# The data
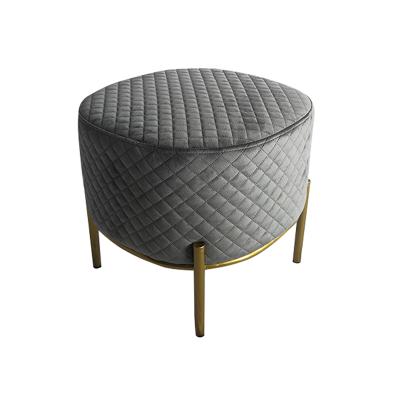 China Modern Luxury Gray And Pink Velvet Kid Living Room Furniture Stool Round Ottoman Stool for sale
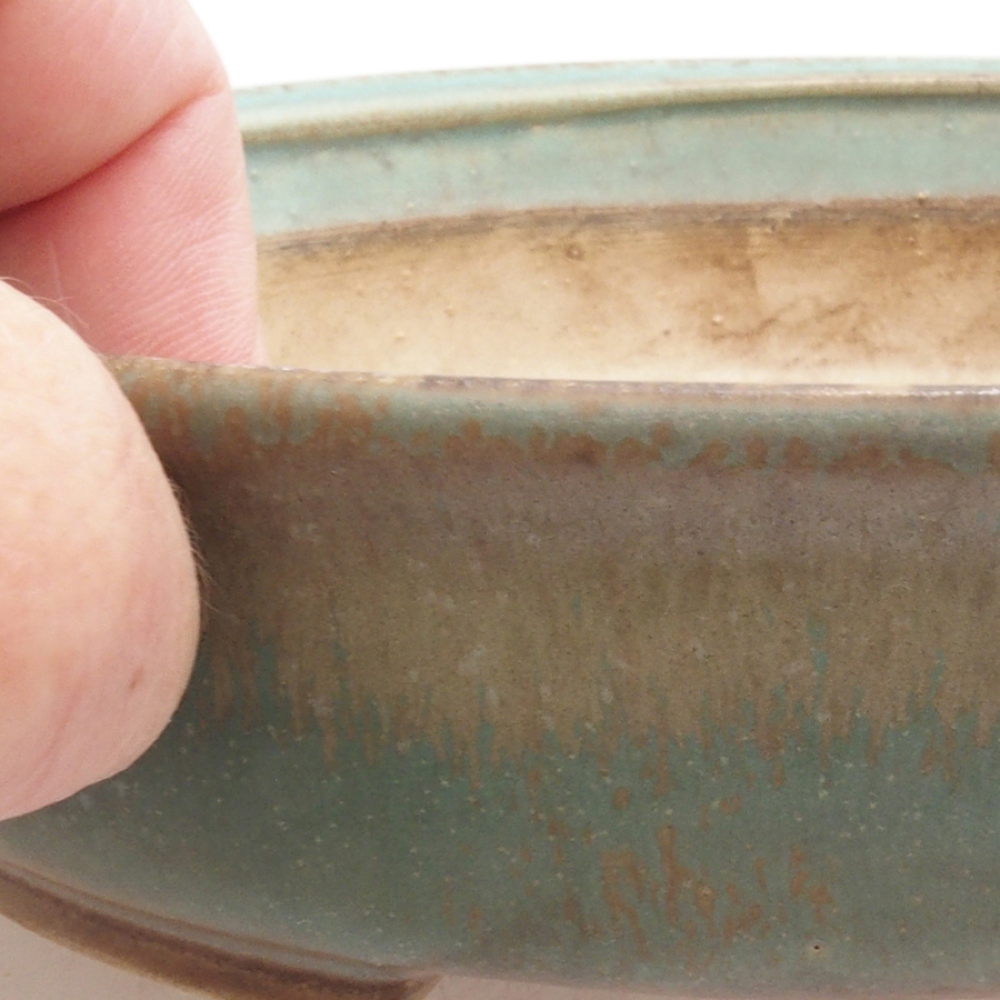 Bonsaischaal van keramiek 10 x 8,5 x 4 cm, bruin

--

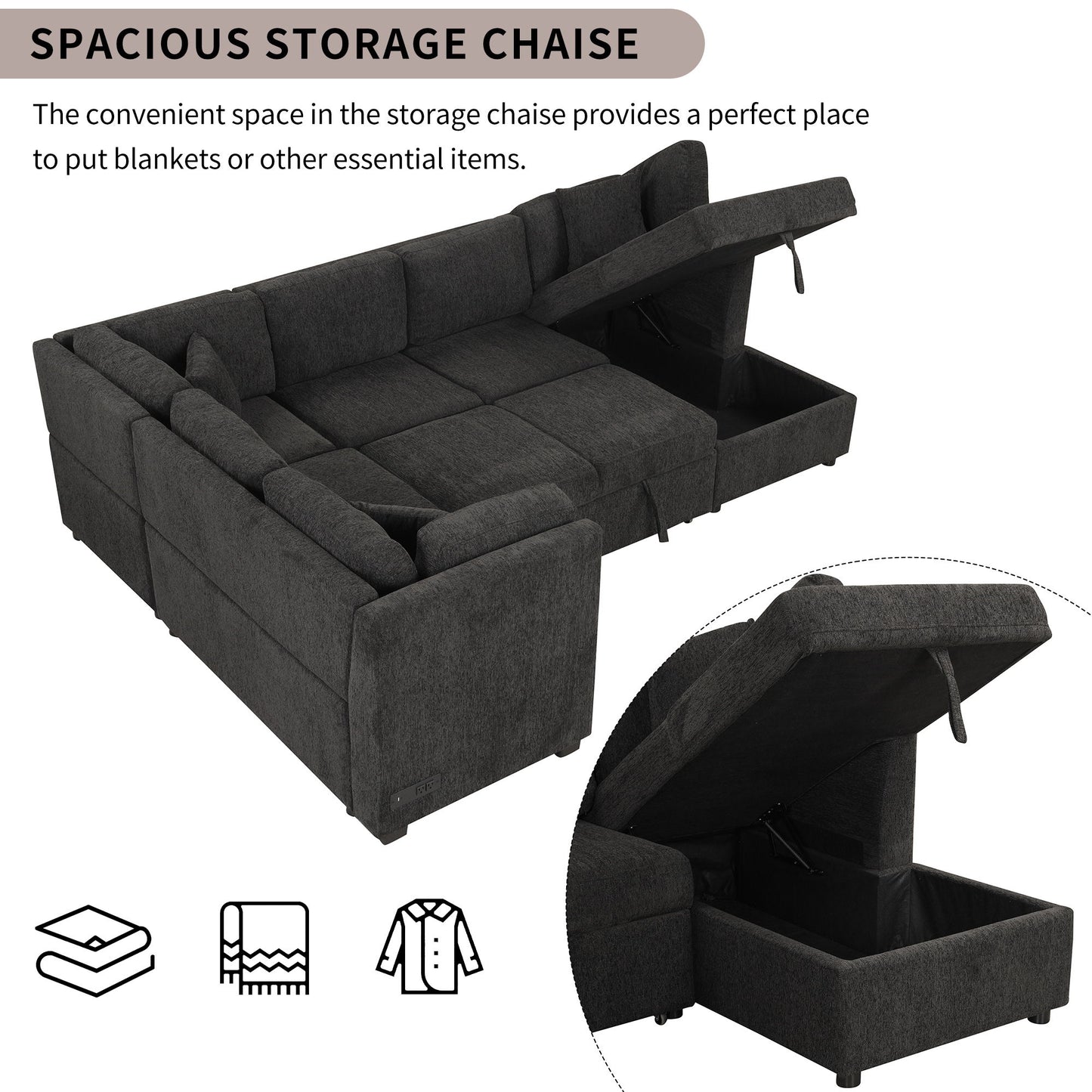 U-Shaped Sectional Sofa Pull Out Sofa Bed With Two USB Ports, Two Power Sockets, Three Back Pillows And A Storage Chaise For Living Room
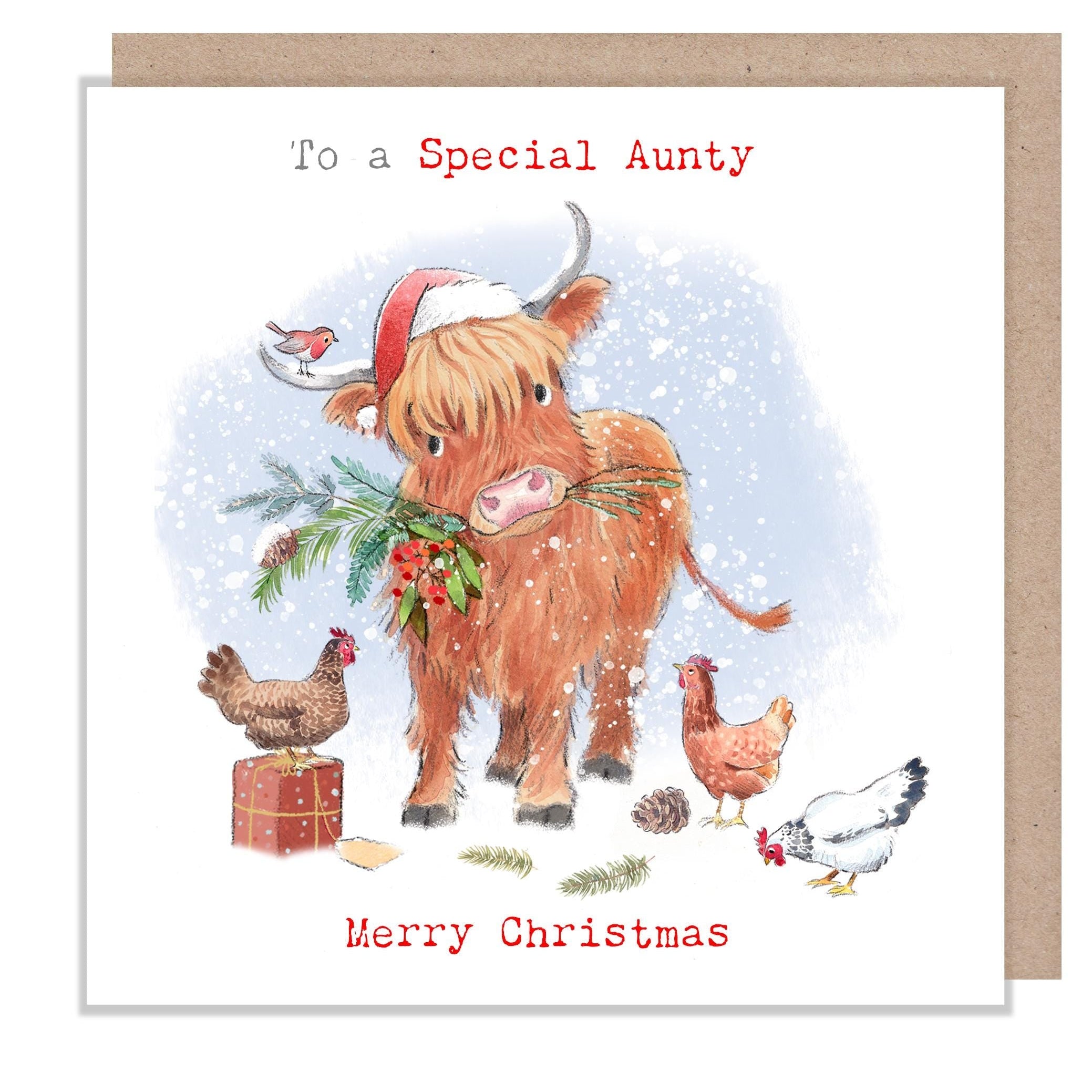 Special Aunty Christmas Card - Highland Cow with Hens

# Problem statement
Within the listing above, the lines starting at the one containing "China Modern Luxury" and ending at the one containing "Bonsaischaal van keramiek" are to be returned exactly. Omit the pictures.

# Exercise result
 China Modern Luxury Gray And Pink Velvet Kid Living Room Furniture Stool Round Ottoman Stool for sale
 Bonsaischaal van keramiek 10 x 8,5 x 4 cm, bruin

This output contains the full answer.